For values which are themselves numpy primitive data types (e.g., int64
), these should be cast to python natives.
Recursion
We add yet another layer of complexity when we consider that any dictionary value can itself be another dictionary. The only way to deal with this is recursion - or dynamic programming if we’re feeling particularly fancy.
The pseudocode for dealing with this problem is:
function immutify_dictionary(d)
for key, value in d
if type(value) = dictionary
immutify_dictionary(value))
else:
immutify_iterable_or_primitive(value)
The algorithm runs over values until it either runs into a “stop point” (array or primitive) or recursively continues by finding a dictionary value.
Regular hash
doesn’t cut it
Provided we can now get each part of our dictionary into an immutable form, we still face a problem. The builtin python hash, which can natively hash python objects, does not give reliable digests because it is seeded with a random number from the system as a source of entropy. Instead, we need to use the hashlib
module (specifically, SHA256).
However, the hashlib
algorithms require strings as input, not any immutable python object.
So as opposed to using hash
on a frozenset
, where ordering does not matter, we must (1) order the dictionary deterministically and then (2) convert the dictionary to a string. If dictionary A and dictionary B have the same keys and same values but are string-ified with different orderings, they will have different hashes! Essentially…
Essentially, if two dictionaries have the same information contained in them, they must produce the same dictionary string and therefore the same hash.
At first it may seem like our previous work immutifying the dictionary is wasted, since we’ll be immutifying by just converting our dictionaries to a big string. This is not true. Since different formats of the same data must be represented identically, different formats of arrays or numbers must collapse to the same string. In other words, running the code for immutification will collapse the various numpy/pandas/native arrays into the same tuples and the various primitive numerical types to the native python types. Our work was not wasted!
This is where the final line of immutify_dictionary
comes in:
return dict(sorted(d_new.items(), key=lambda item: item[0]))
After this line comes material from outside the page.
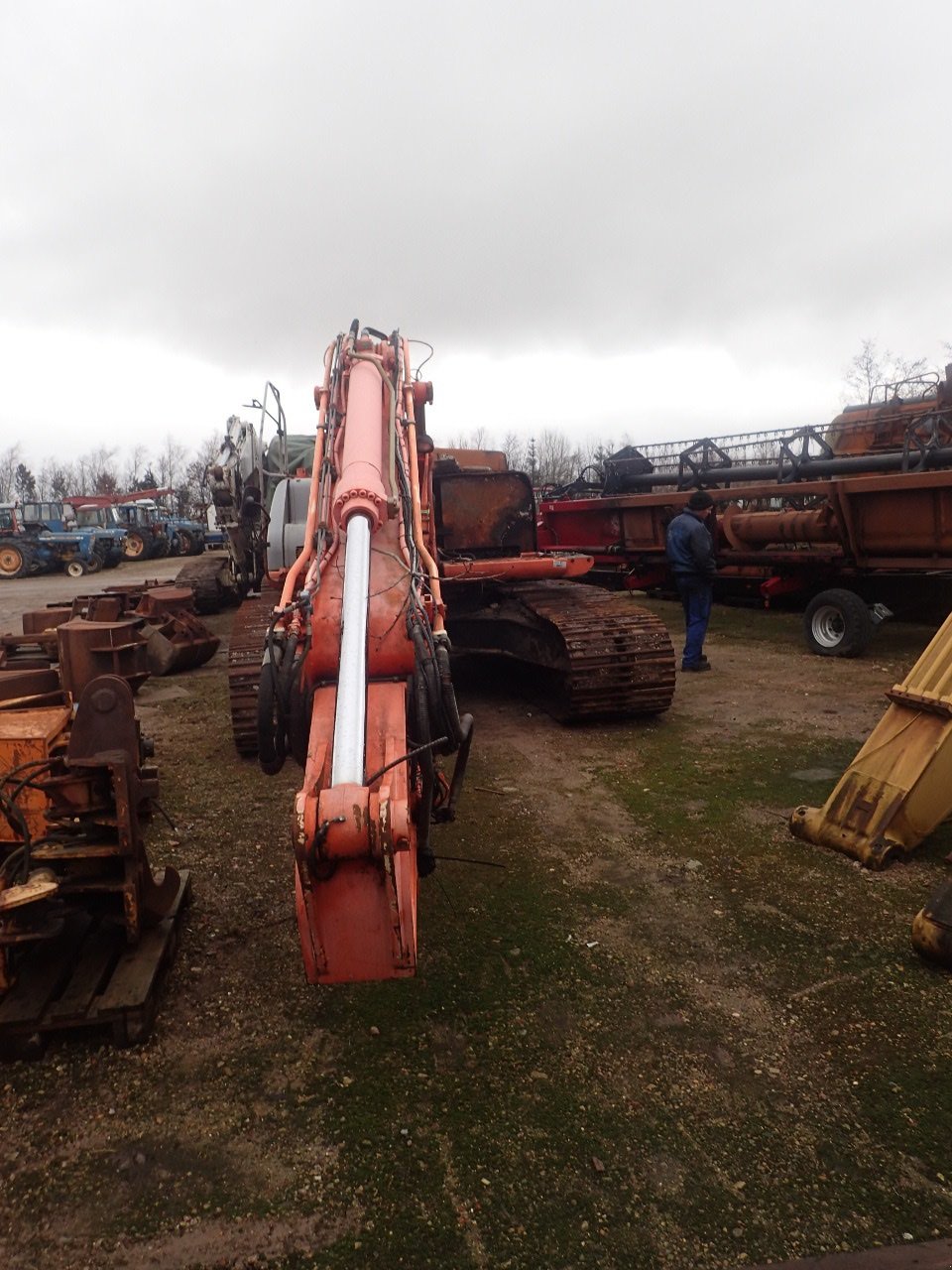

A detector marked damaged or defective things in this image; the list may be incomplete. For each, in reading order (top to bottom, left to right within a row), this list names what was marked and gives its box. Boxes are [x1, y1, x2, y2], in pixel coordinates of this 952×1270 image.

This line simply re-sorts the dictionary by the keys, producing an insertion-sorted dictionary as output.
Next, this sorted, deterministically collapsed dictionary can truly become immutable:
d_hashable = immutify_dictionary(d)
s_hashable = json.dumps(d_hashable).encode("utf-8")
The s_hashable
here is just itself a very long “hash” of the input dictionary. The same information, regardless of insertion order or array/primitive format, collapses to the same string.
The final step
Much shorter than the string representation of the dictionary is the hexdigest of the SHA256 hash of that string. That is where hashlib
finally comes in:
m = hashlib.sha256(s_hashable).hexdigest()
The output is the 256-bit, or 64-hex character digest of our dictionary.